Someone needs to direct the professor to the crowding-in effects from government investments. We see this in China's deflation and enormous trade surpluses. The crowding-out effects of government spending is the result of entropic spending. Not all government spending are the same.

Has the professor considered deflation has distorted consumption? Consumers are spending more but at lower prices? GDP is not a good measurement of the economy because it is too dependent on prices.

If the professor is concerned about public debt, is it really an issue? The borrowing cost is the lowest in the world. Local government revenues come from sales tax which can be resolved with a little bit of inflation or transfer the debt to the central government since it collects taxes. In the US, taxes are sent back to the local government instead of the central government assuming the debt. It's basically the same thing.

The debt debate is more about oranges and apple when comparing with the US. The US debt only includes the federal debt while China's debt includes both local and central government debts. If the US local debt and federal debt were added up together, it would be greater than China's debt.

钟建英's avatar

Is this guy Milton Friedman reincarnated?

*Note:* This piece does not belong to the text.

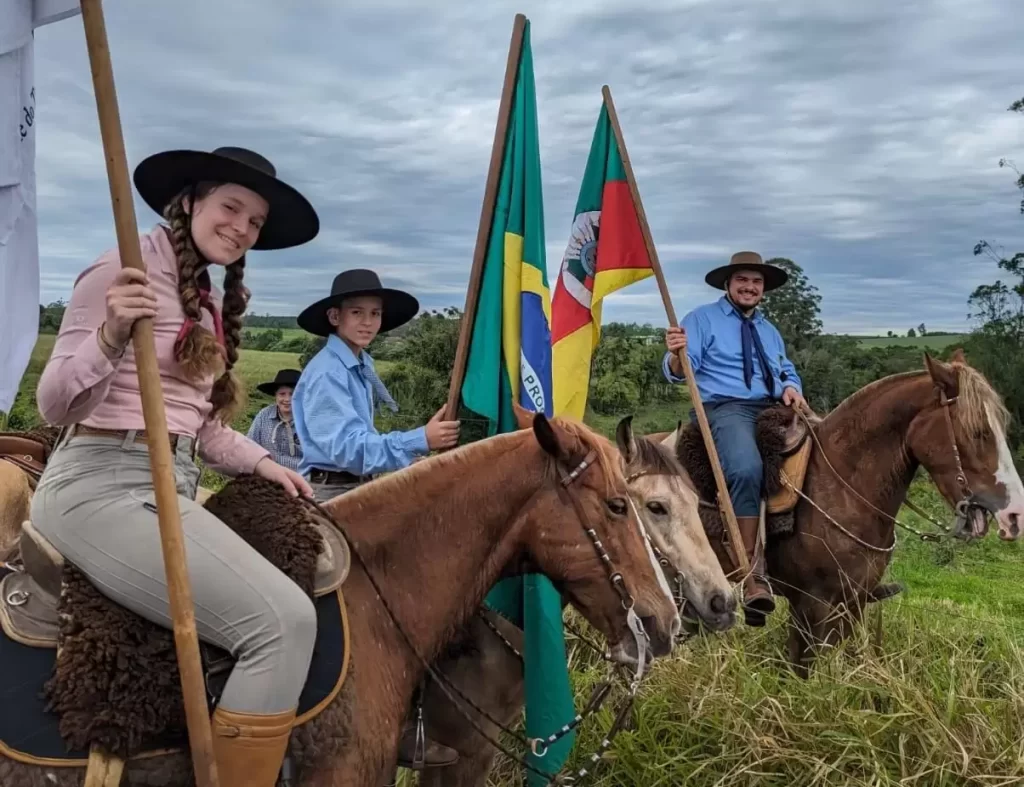Entre cavalos e tradições, pai e filhos compartilham momentos especiais / Crédito: R.S Fotografia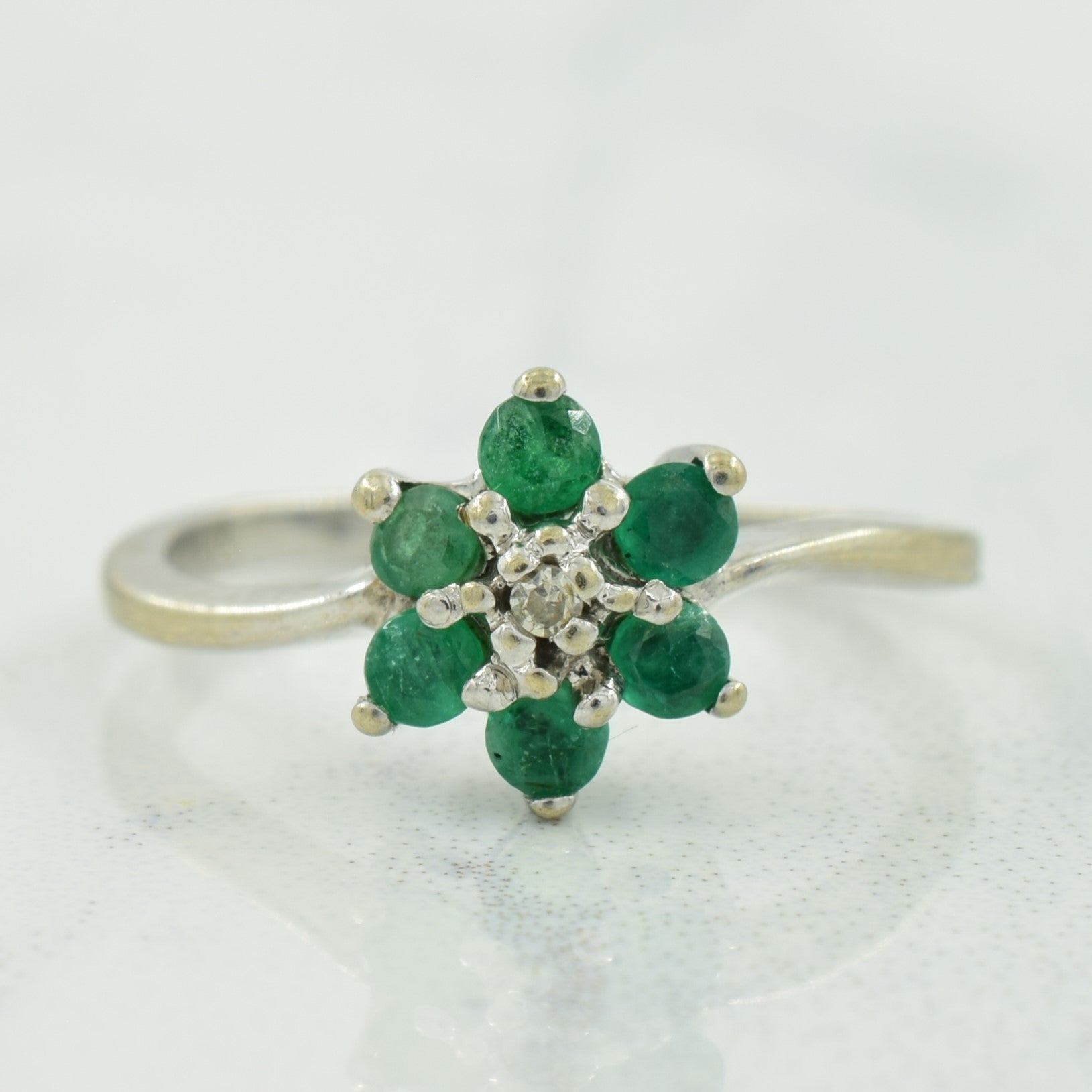 Emerald & Diamond Ring | 0.24ctw, 0.01ct | SZ 2.75 |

Dr Warwick Powell's avatar

This is a nonsensical argument. It assumes that consumption capacity falls from the sky. On the contrary, it only comes from earned income, which in turn only comes from investment (liquidity) in production. Consumption spend ontologically & logically follows investment demand. It’s not about “compensating” - wrong either / or frame. It is a circuit that originates from autonomous demand - investment and / or exports. Nothing mysterious. The rest follows. It is possible that net liquidity growth is ineffective in that its flows through the system are into non-productive channels, or channels that have limited impact on second round activities eg., too much into fictitious capital circuits.